Septuagint add the following words: καιουκελυπησετοπνευμα

αμνωντουυιουαυτουοτιηγαπααυτονοτιπρωτοτοκοςαυτουην;

"But he would not grieve the soul of Amnon his son, for he loved

him, because he was his first-born." The same addition is found in

the Vulgate and in Josephus, and it is possible that this once

made a part of the Hebrew text.

Verse 23. Absalom had sheep-shearers] These were times in which

feasts were made, to which the neighbours and relatives of the

family were invited.

Verse 26. Let my brother Amnon go] He urged this with the more

plausibility, because Amnon was the first-born, and presumptive

heir to the kingdom; and he had disguised his resentment so well

before, that he was not suspected.

Verse 30. Absalom hath slain all the king's sons] Fame never

lessens but always magnifies a fact. Report, contrary to the

nature of all other things, gains strength by going.

Virgil has given, in his best manner, a fine personification of

Fame or Evil Report.-AEN. iv., 173.

Extemplo Libyae magnas it Fama per urbes;

Fama, malum qua non aliud velocius ullum,

Mobilitate viget, viresque adquirit eundo, &c.
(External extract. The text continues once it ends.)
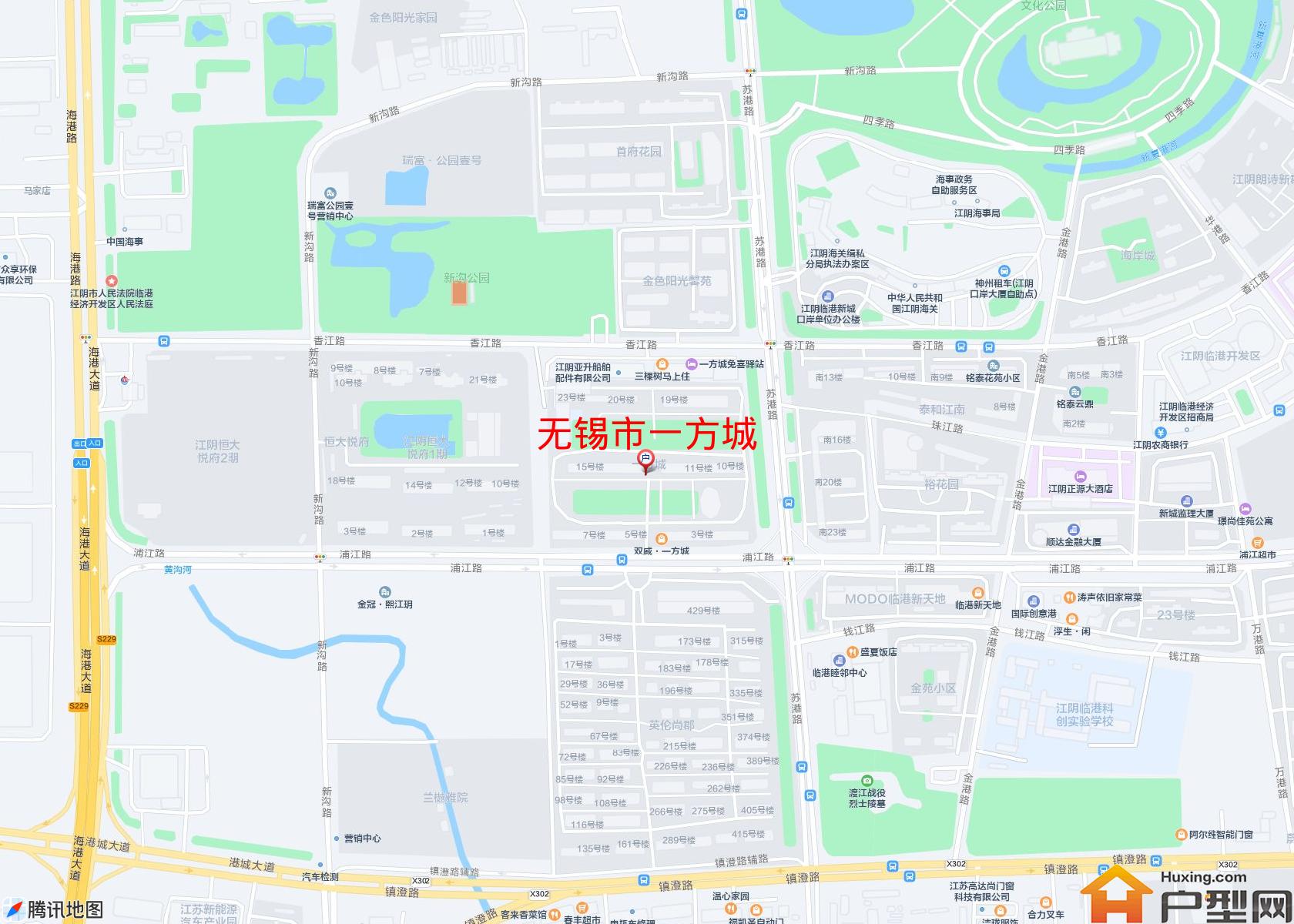 一方城小区 - 户型网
"Now Fame, tremendous fiend! without delay,

Through Libyan cities took her rapid way;

Fame, the swift plague, that every moment grows,

And gains new strength and vigour as she goes," &c.
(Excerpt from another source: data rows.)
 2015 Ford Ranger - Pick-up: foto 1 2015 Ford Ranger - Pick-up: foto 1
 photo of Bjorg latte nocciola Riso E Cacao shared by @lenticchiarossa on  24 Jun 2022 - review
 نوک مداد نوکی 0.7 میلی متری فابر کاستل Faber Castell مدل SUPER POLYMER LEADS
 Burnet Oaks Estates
Verse 32. And Jonadab-said-Amnon only is dead] This was a very

bad man, and here speaks coolly of a most bloody tragedy, which

himself had contrived.

Verse 37. Absalom fled] As he had committed wilful murder, he

could not avail himself of a city of refuge, and was therefore

obliged to leave the land of Israel, and take refuge with Talmai,

king of Geshur, his grandfather by his mother's side. See

2Sa 3:3.

Verse 39. David longed to go forth unto Absalom] We find that he

had a very strong paternal affection for this young man, who

appears to have had little to commend him but the beauty of his

person. David wished either to go to him, or to bring him back;

for the hand of time had now wiped off his tears for the death of

his son Amnon. Joab had marked this disposition, and took care to

work on it, in order to procure the return of Absalom. It would

have been well for all parties had Absalom ended his days at

Geshur. His return brought increasing wretchedness to his

unfortunate father. And it may be generally observed that those

undue, unreasonable paternal attachments are thus rewarded.